1985 was the year a rising pop star named Madonna went supernova thanks to her starring role in the hit comedy Desperately Seeking Susan and her first blockbuster North American concert tour. But the singer didn’t look like the next big music sensation when she turned up on the set of the high school wrestling movie Vision Quest — which was released in February 1985, two months before Susan and the Virgin Tour — to film a small role as a nightclub singer serenading the movie’s stars, Matthew Modine and Linda Fiorentino.

“She looked like Boy George,” Modine tells Yahoo Movies. “The producers were saying this girl was going to be such a big star, but I remember people not really being impressed.” Even her songs left listeners cold. First, she performed the largely forgotten “Gambler,” followed by “Crazy for You,” which has since become a staple of proms around the world, but slightly underwhelmed listeners at the time. “We thought, ‘Oh, that’s a sweet song,‘” Modine says of hearing that slow dance anthem for the first time.

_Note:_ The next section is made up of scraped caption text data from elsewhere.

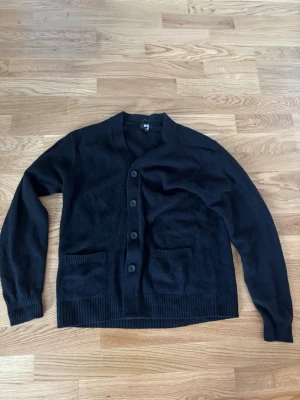 Svart kofta/cardigan  från Uniqlo, S - Klassisk svart kofta från Uniqlo med v-ringning och knäppning framtill. Två fickor fram och ribbade muddar vid ärmslut och nederkant. Perfekt att slänga över en t-shirt eller skjorta för en clean look.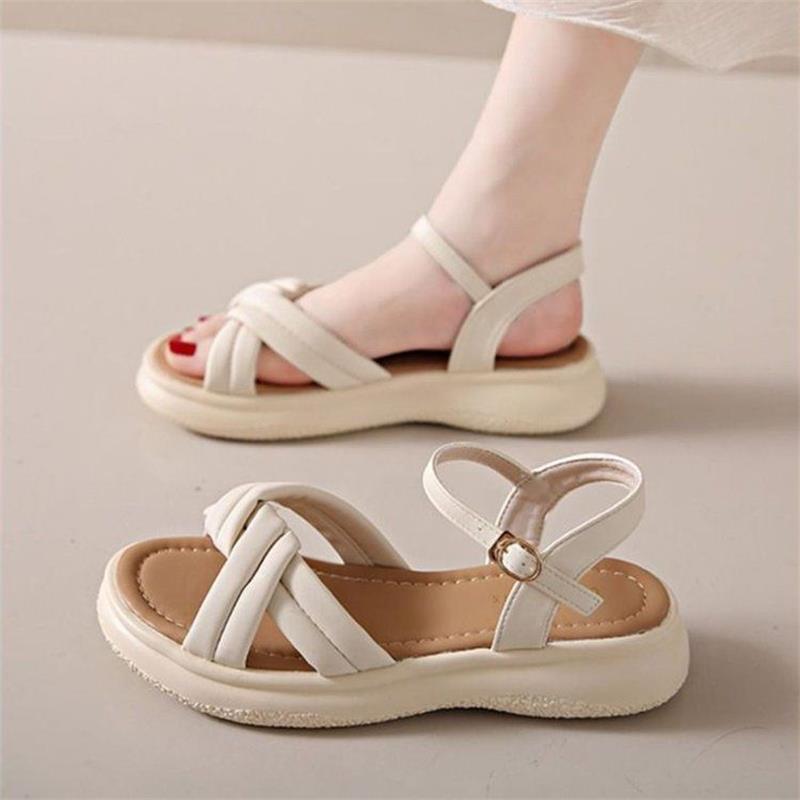 

One-word buckle flat-soled soft-soled beach shoes 2025 summer new cross-strap Internet celebrity student sandals women s Roman shoes 40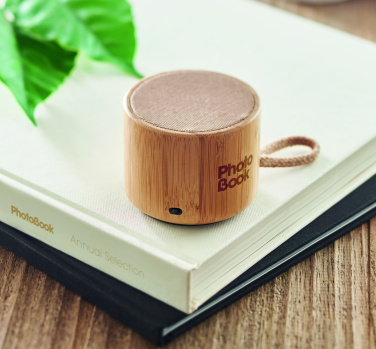 Logotrade corporate gift picture of: Round bamboo wireless speaker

Within a year, though, the actor discovered just how big a star Madonna had become. While visiting Rome to discuss a potential film role, Modine saw a giant poster of the singer’s face, with “Crazy for You” printed in Italian. “I thought, ‘Oh, she must be doing a concert here.’ But then I looked at the poster a little bit closer and at the bottom I saw myself [in a scene from the film] with my arms in the air. The movie had gone from being a Matthew Modine movie that Madonna was in to a Madonna movie that Matthew Modine was in! That’s how fate would have it.”

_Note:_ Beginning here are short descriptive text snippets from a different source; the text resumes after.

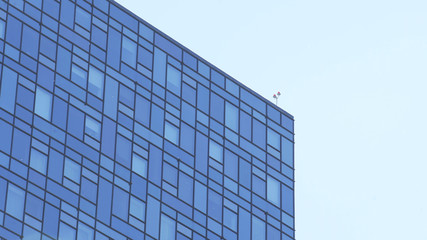 Obraz premium Modern high-rise office building with a glass facade. Modern Business Office Buildings with Glass Windows. Skyscraper building, business architecture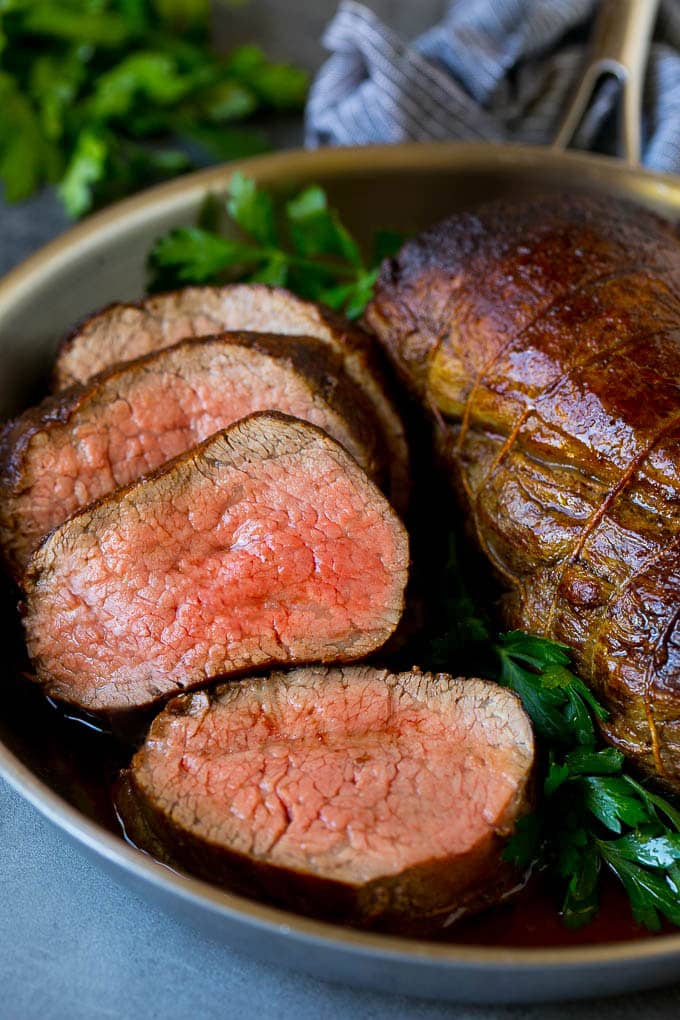 Beef Tenderloin with Garlic Butter #beef #steak #dinner #ezlod A sliced beef tenderloin recipe in a pan, garnished with fresh parsley.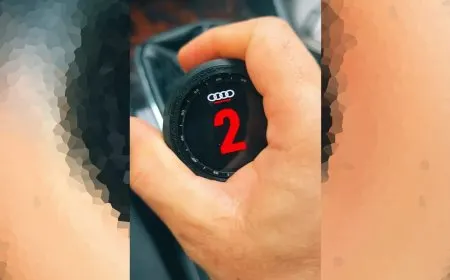 Custom 3D printed enclosure housing a repurposed WearOS smartwatch screen and motherboard mounted to a gear lever.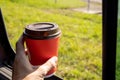 Young woman holds disposable cup of coffee in the car, to keep concentrated while driving Royalty Free Stock Photo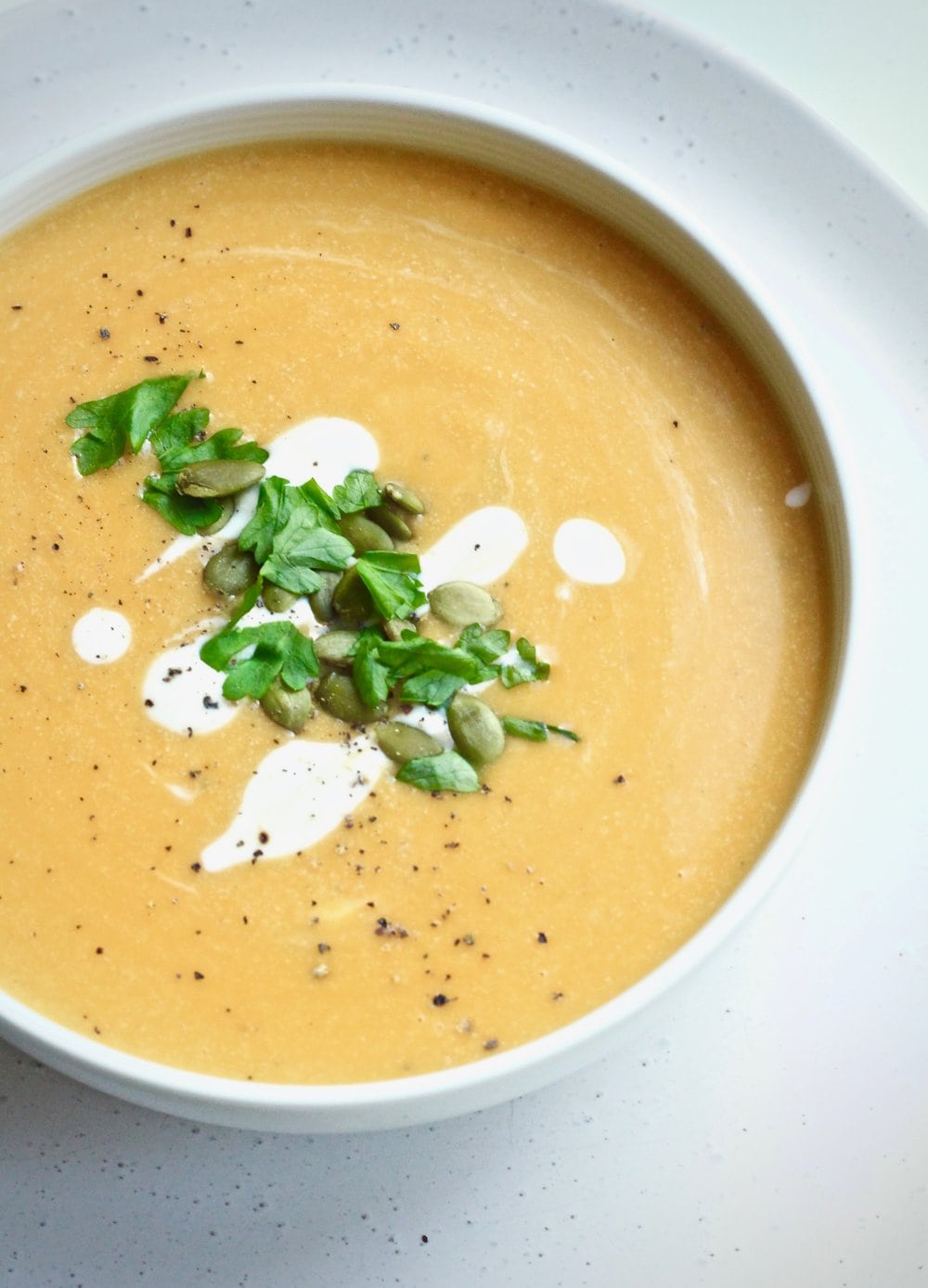 Close up of plant-based pumpkin soup with cashew cream.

Watch Madonna’s “Crazy for You” video from Vision Quest:

Thirty-two years later, Vision Quest‘s Madonna-scored montages are among the highlights of a teen sports movie that’s clearly made in the image of The Karate Kid — a box-office sensation the year prior — but has its own unique moves. Available for the first time on Blu-ray, Vision Quest is notable for how it avoids giving the underdog hero, Lowden Swain (Modine), a Cobra Kai-style nemesis to defeat on the wrestling mat. Instead, his final opponent, Brian Shute (Frank Jasper), is presented as a decent guy who is on his own “vision quest” — a self-imposed rite of passage that leads teenagers into adulthood. In Lowden’s case, that quest involves dropping 22 pounds to wrestle Brian, who is in a lower weight class.

And when the two meet before their climactic match, Shute reveals himself to be anything but a Johnny Lawrence clone. “He’s a good athlete trying to be the best athlete,” Modine says of Jasper’s character. “He’s not this monster Lowden is going to slay. Anyone who has ever put on a wrestling singlet knows that the person you’re actually wrestling is yourself. It’s about discovering what your own personal strengths and weaknesses are.” In fact, in the novel that inspired the film, author Terry Davis declined to reveal the outcome of the Swain vs. Shute throwdown, from which Lowden emerges the victor onscreen.

“It’s just about him achieving his goal of being there to wrestle Brian,” Modine says. “Of course, with a movie we want a little bit more than that. We want that euphoric moment of seeing a person accomplishing their goal. There’s been talk about remaking this movie, but I think whenever a screenwriter tries to approach it from a 2017 perspective, it’s impossible to make. The world that Lowden Swain exists in is so different than the world we live in today.”